Our boss-ram had died in the dark of my eighth winter. The ewes would not leave him, and the other rams had fought for days until one of them, the youngest of them, had died too—his horns
were not yet strong enough to protect his skull, and still he would not stay out of the fighting. I imagined that with men it was worse.

“My son is no longer a good man,” she said to me, “but he is a good king. If your desert power has caused this, I beg you to fix it. Fix him, if you can.”

“If he dies, I can return to our father’s tents,” I said to her. I did not mean the words to be cruel, but she flinched at them anyway. “I would be a widow, and the laws
of men say I must be allowed to go. I would no longer fear death at Lo-Melkhiin’s hands. I would go home, and take the priestly role from my sister, that she might wed.”

“You could do that,” she said to me. Her words were slow, like it pained her to speak them. “But the city would be in chaos, and chaos crosses sand like the sand-crows do. Your
family would not escape it, however well your father trades.”

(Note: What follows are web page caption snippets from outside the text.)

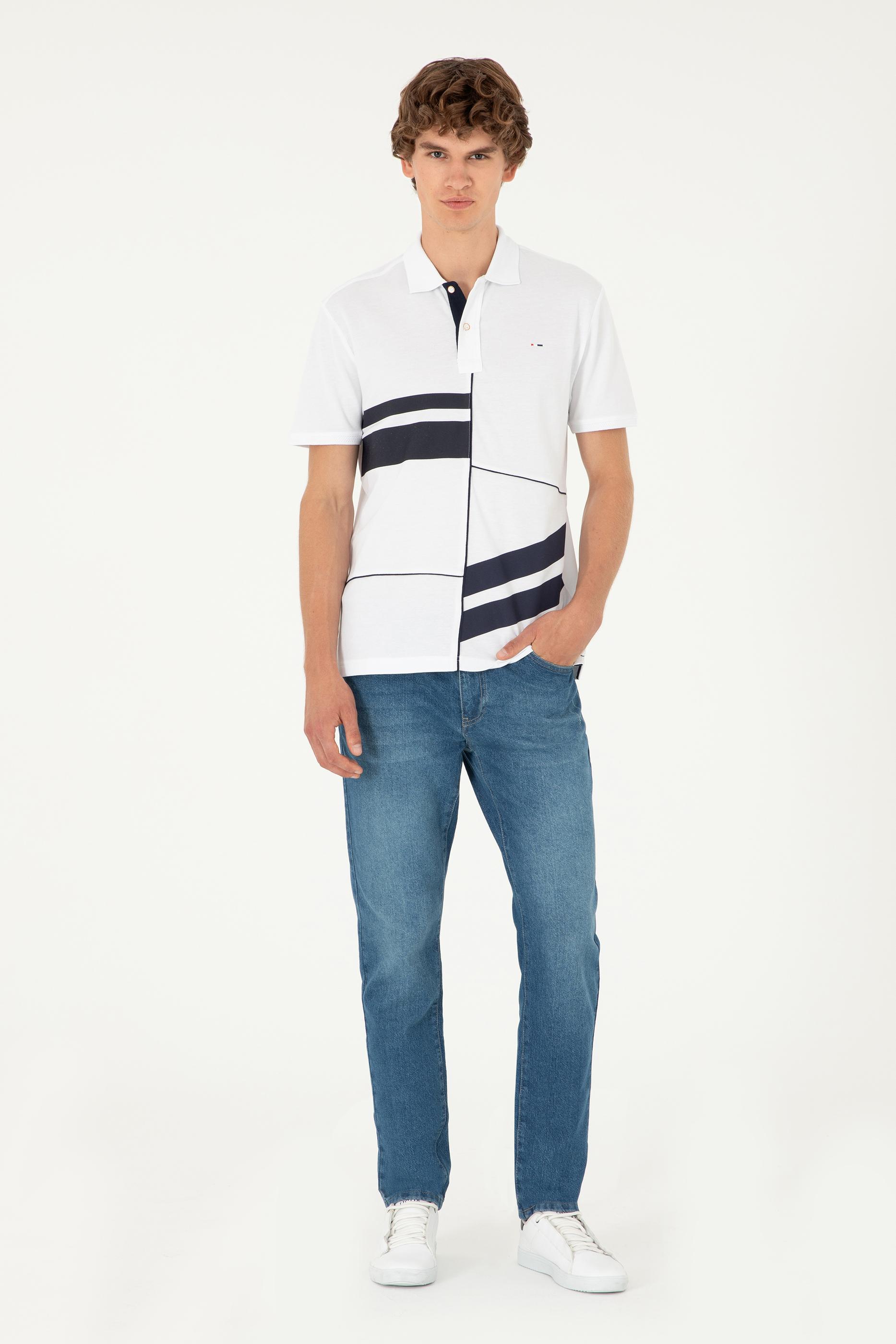 Erkek Regular Fit Polo Yaka Beyaz Tişört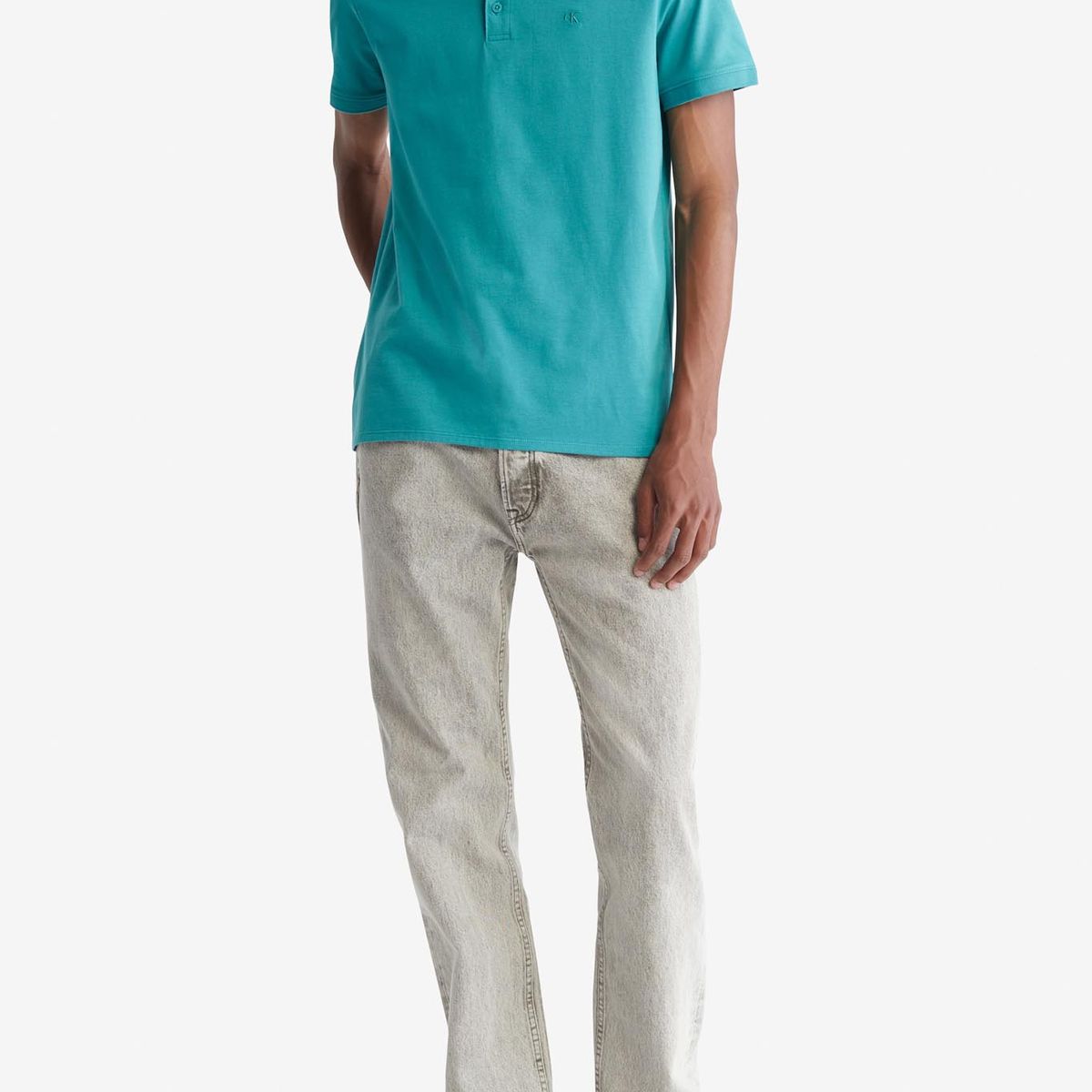 CALVIN KLEIN - Polo Verde De Algodón Con Monograma Bordado Calvin Klein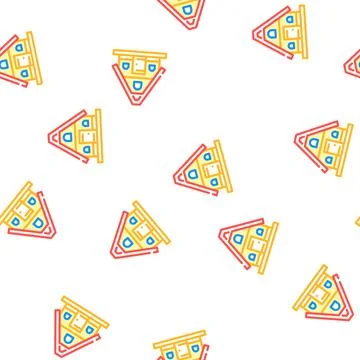 Mountain house vector seamless pattern Illustrazione stock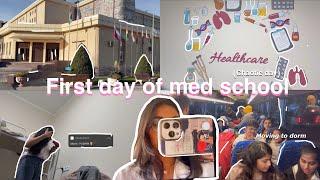 First day of med school 🩺| very chaotic day + moving dorm | Going to Pushpa movie  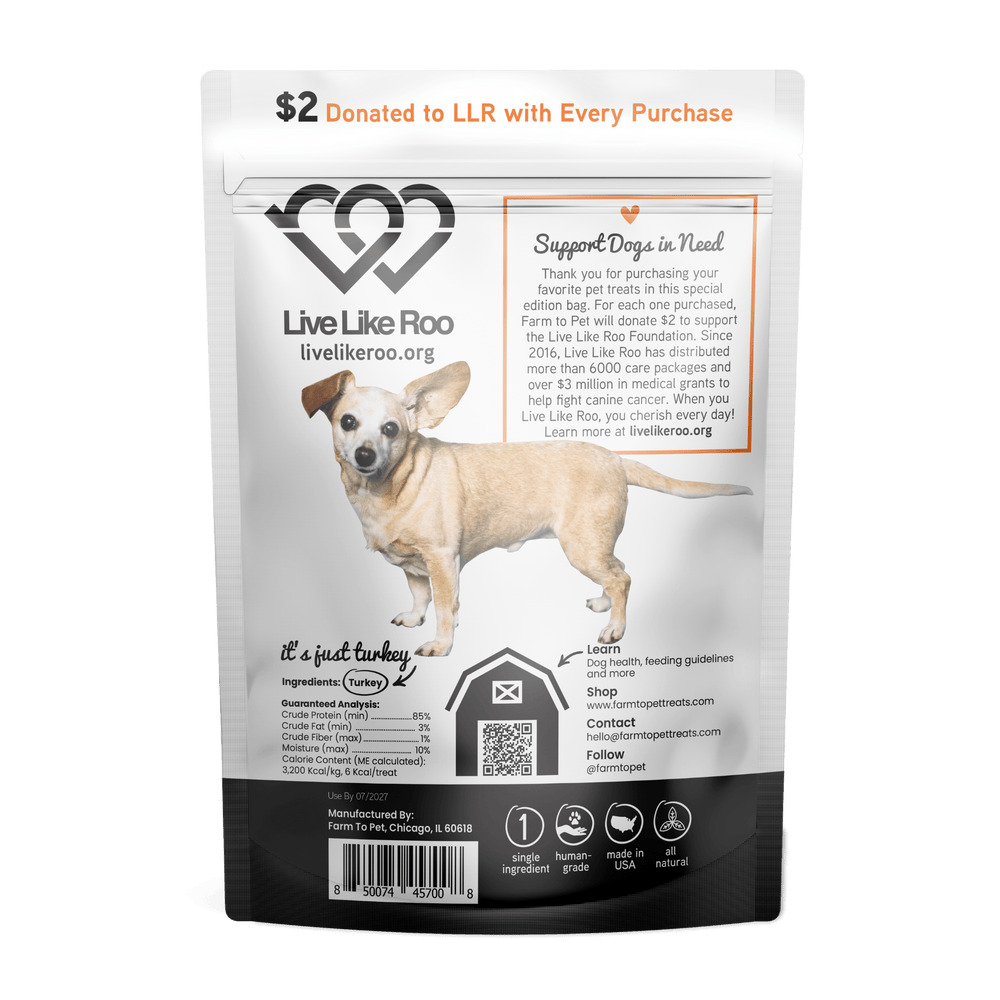 Farm To Pet - Live Like Roo Turkey Chips for Dogs | Dog Treats That Give Back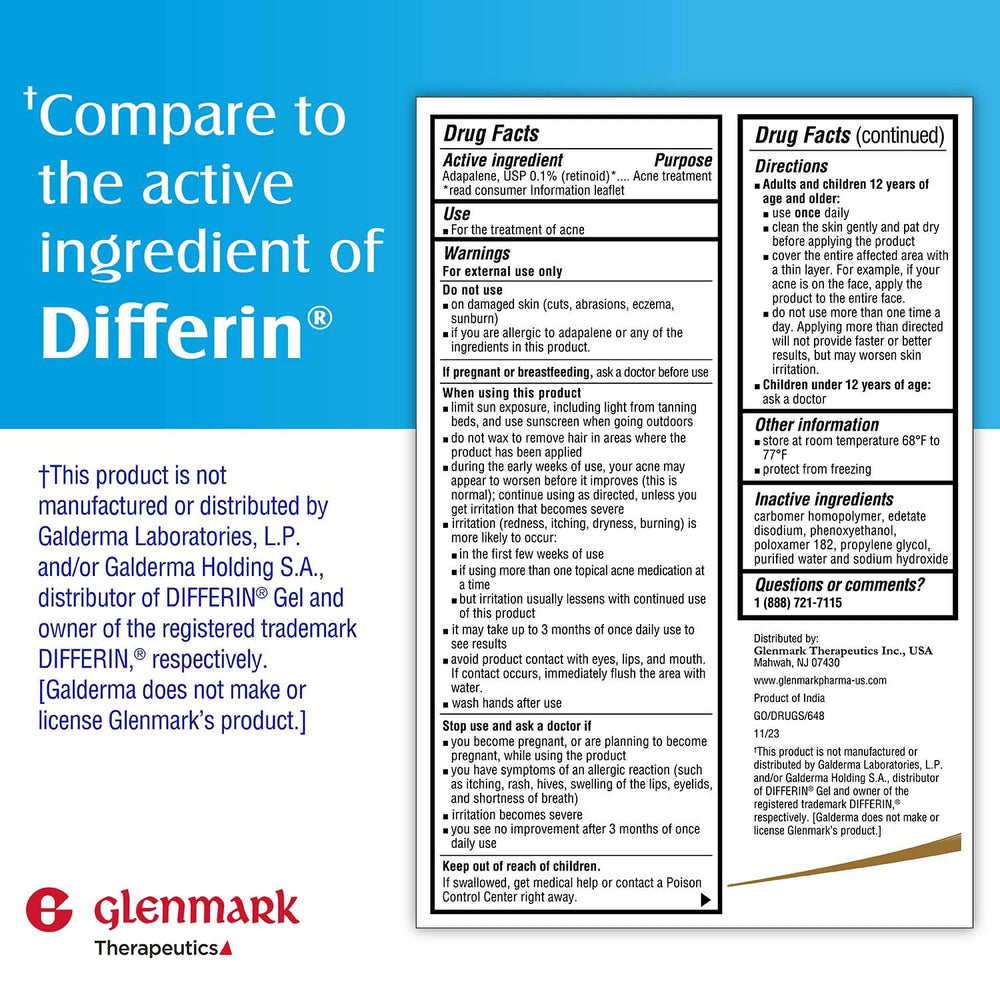 Glenmark Therapeutics Adapalene Gel 0.1% tubo de 45 g: práctico para el cuidado facial.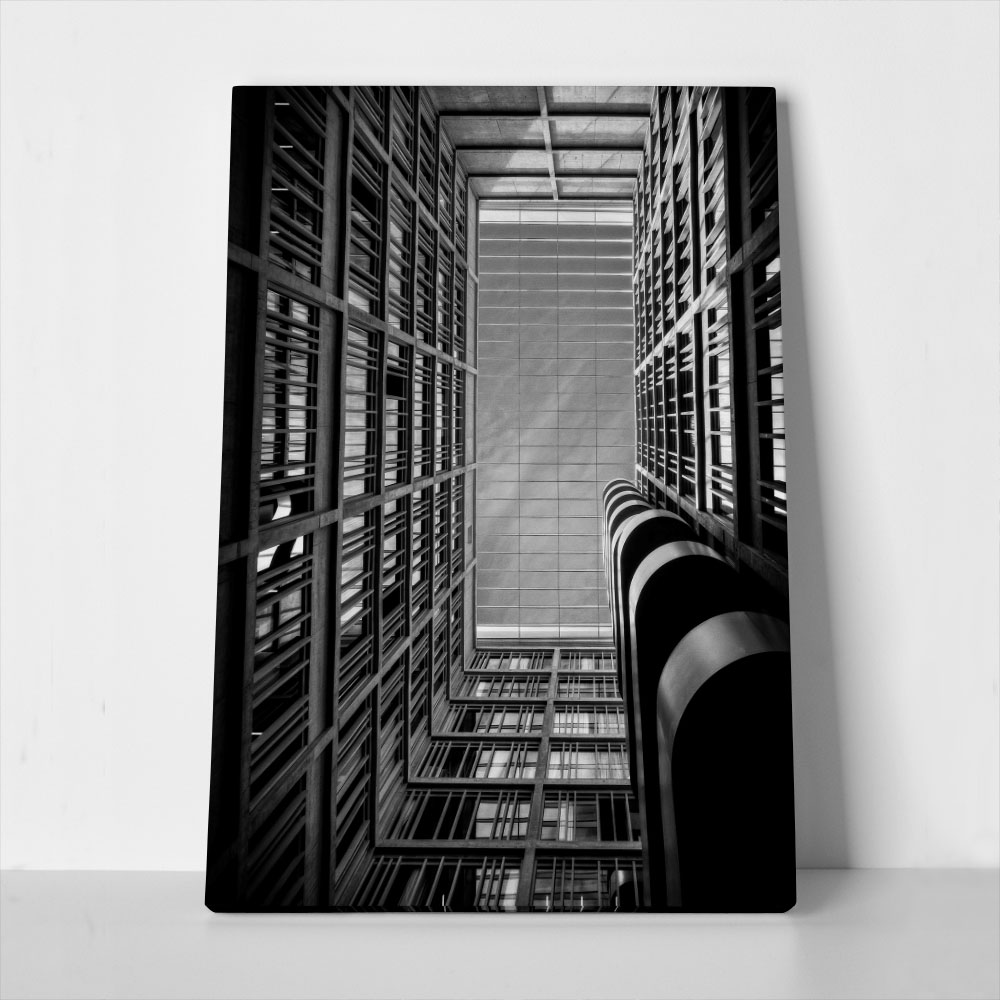 Πίνακας σε Καμβά BLACK AND WHITE ARCHITECTURAL INTERIOR PERSPECTIVE
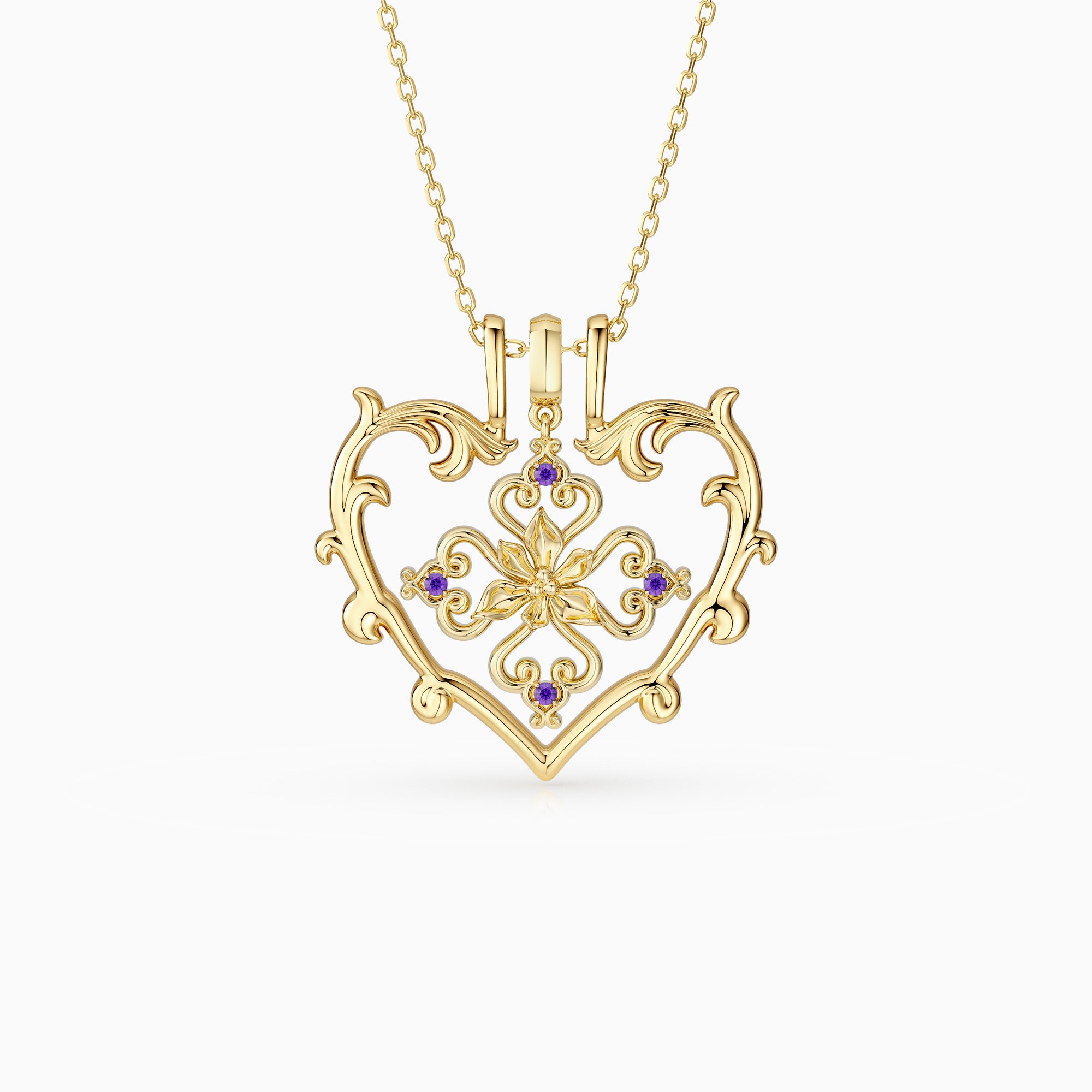 Sacred Bloom Iris Love Birth Flower Necklace Set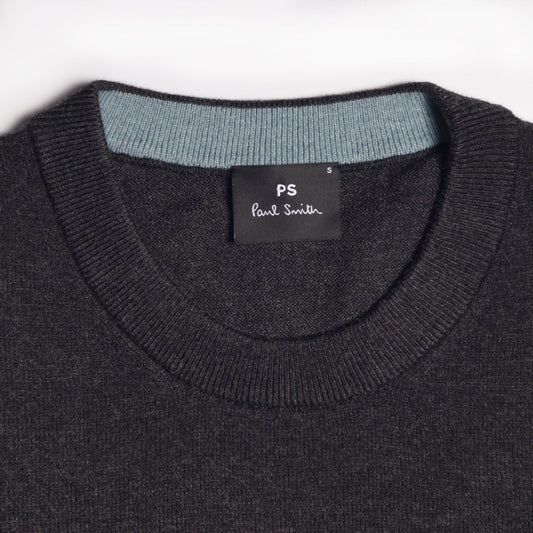 - Zebra Crew-Neck Pullover - Charcoal Grey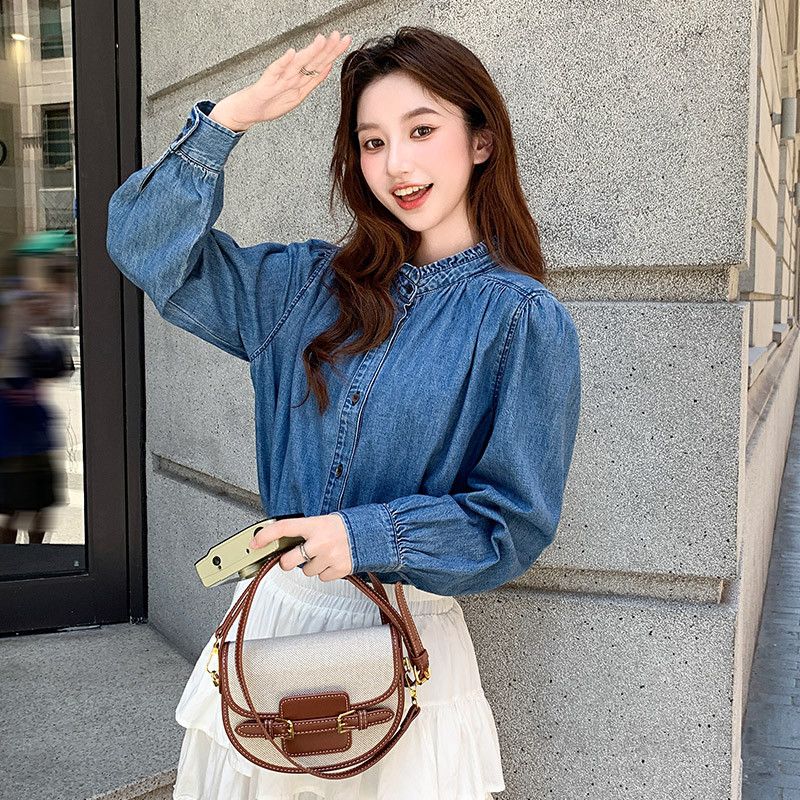 가을 여성 루즈핏 캐주얼 청남방 프랑스 복고풍 블루 데님셔츠 레이스 칼라 스타일 코튼 소재 다용도 탑 - 상품 이미지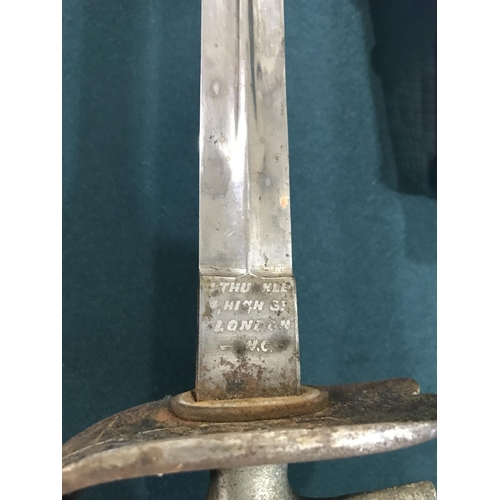 401 - A SWORD WITH QUARTERED BLADE BY THURKLE OF LONDON. An unusual sword with a 99cm tapering quartered p... 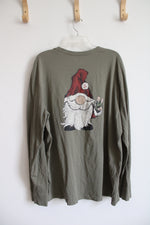 Life Is Good Green Santa Gnome Long Sleeved Shirt | XXL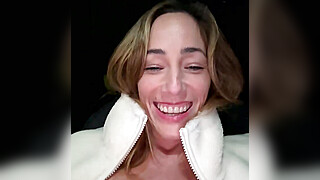 Busty MILF with Amazing Boobs Masturbates in Car Porn Video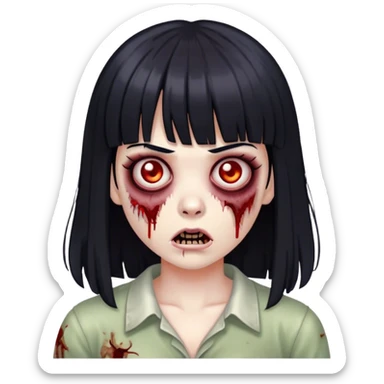 zombie with black hair and bangs sticker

When Lo-Melkhiin’s father died, our father had not gone trading for a full year. The roads were not safe, he had said to my mother and my sister’s mother, when he thought we could
not hear him. He would not risk the caravan, and we had enough to get by, if we were careful. Three of the lambs died, and one camel, but we survived. If there were no new king, no one would hold
the roads and enforce the trading laws. Our father would stay at home until he was forced out, and then he might pay too high a price for trading.

“What could I do?” I asked of her.

“You stitched this and knew it as it was happening,” Lo-Melkhiin’s mother said to me. “I do not know if you saw it or if you caused it, but come and look at my son, and
perhaps you will know how to wake him from his illness.”